Asgard is not a place. Never was. Asgard is where our people stand.

Odin. Thor Ragnarok

<Insert country name> doesn’t exist! No, really. Everything we know about Russia, Ukraine, the Czech Republic, or the USA is equivalent to our knowledge of Santa Claus or Jack Sparrow. We casually talk about these characters, and we even attribute certain actions to them. Santa Claus brings gifts, for example. Everyone knows what Santa Claus looks like, where he lives, and how he gets into homes to wish children a Happy New Year.

The country you consider your homeland doesn’t exist, just like Santa Claus. If the people who remember a certain country disappear, then that country will vanish too. There are no borders except on maps (and if they do exist physically, in the form of posts, barriers, or barbed wire, those physical borders were established according to the maps, not the other way around. While mountains and seas are marked on a map based on their actual existence in a specific location, border posts are planted in the ground where everyone believes they should stand.)

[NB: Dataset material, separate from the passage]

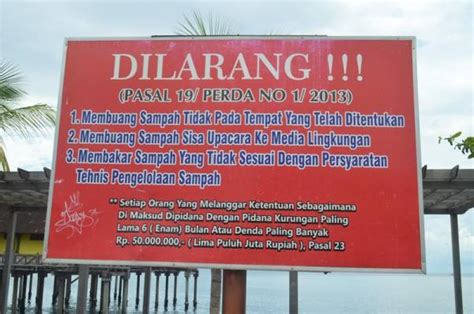 Dalam bahasa indonesia, definisi dari poster adalah sebuah gambar yang memiliki pesan moral dan tulisan unik yang berisi sebuah pesan. Kata Bijak Larangan Buang Sampah - Celoteh Bijak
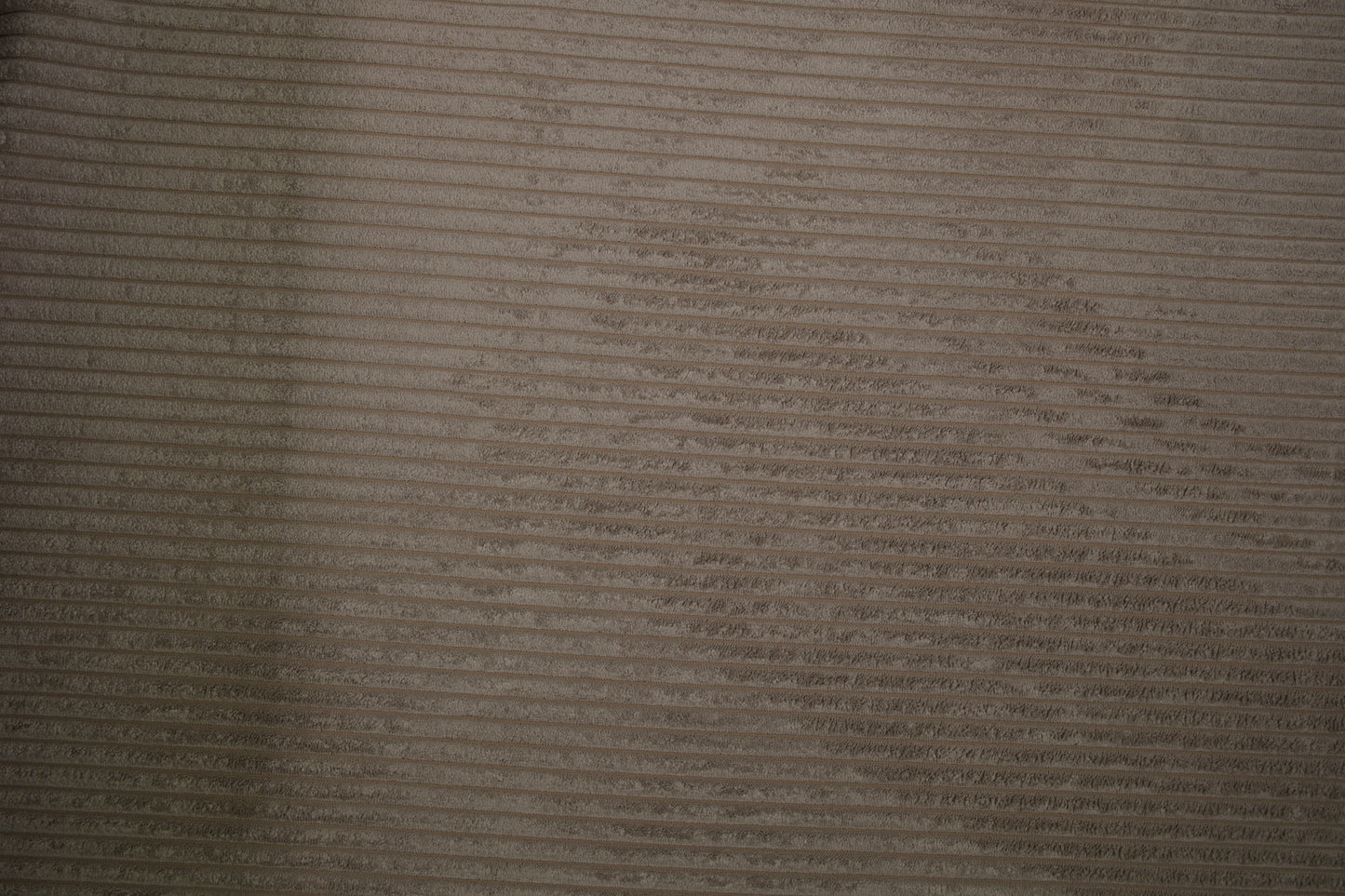 Cord Möbelstoff in Taupe mit weicher Rippenstruktur Detailaufnahme der Stoffstruktur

Moreover, even if a country’s borders change, it doesn’t mean that the country has disappeared or become a different one. Look at how the borders of countries have shifted throughout their existence. Often, they ended up in completely different locations compared to where they were originally declared.

So what is this country that we are supposed to love? Where is it, how can we touch it? Propaganda refers to the name of the country as something universal for everyone. Like Santa Claus. He’s pretty much the same for everyone. A beard, a fur coat, a staff, a young companion… But with the country, it’s even worse. For everyone, it’s different. For some, a courtyard among the Khrushchyovkas (five-story apartment buildings) comes to mind. For others, it’s a lake in a ravine behind the village. For some, it’s the mountains where sheep graze. Everyone will picture their own version of the country. But everyone will think that when they hear the name of the country, everyone else has the same image in their heads. Just like with Santa Claus.

But this is a deception. And, like with all unreal things, people try to cope with cognitive dissonance in some way and begin to attempt to materialize the nonexistent. There is even a special term for this: reification. For things like a country, Santa Claus, or the value of money, there is the term “intersubjective reality.” In other words, these things exist only in our minds, not in nature. But they exist in the minds of many at once.

How do we try to materialize the unreal? Has anyone ever seen material things adorned with symbolism? Does your laptop or washing machine have a flag or anthem? Of course not. They don’t need that! But intangible things do. You can’t believe in what doesn’t exist without creating symbols and legends. Flags, coats of arms, borders, and documents are needed to prove that a country exists. This is why churches are built and icons are hung in them—to provide some kind of material support for the intangible concept of God. Especially since everyone has a different idea of God in their head.

Indeed, everyone has a different idea of what their country is. It’s enough for the propaganda machine to work on the minds of the population, and suddenly you have terms like “historical justice,” “territorial claims,” “Russian world,” and someone’s (as it turns out) Crimea, and so on. Yet, no one in any country has actually felt that they gained or lost Crimea in any way.

And if a country has a president, then what is this president of? “Where’s our prosecutor? In the sixth chamber where Napoleon used to be…”

You know what Disney pays actress Elizabeth Olsen, who plays Scarlet Witch Wanda in the Marvel Cinematic Universe, for? It’s for her ability to not burst out laughing during filming while she continues to wave her hands around with a serious expression, directing “mystical energy” against her enemies.

Somewhere for the same thing, a salary is paid to the “president of the country.” Maybe that’s why professional actors or clowns become presidents?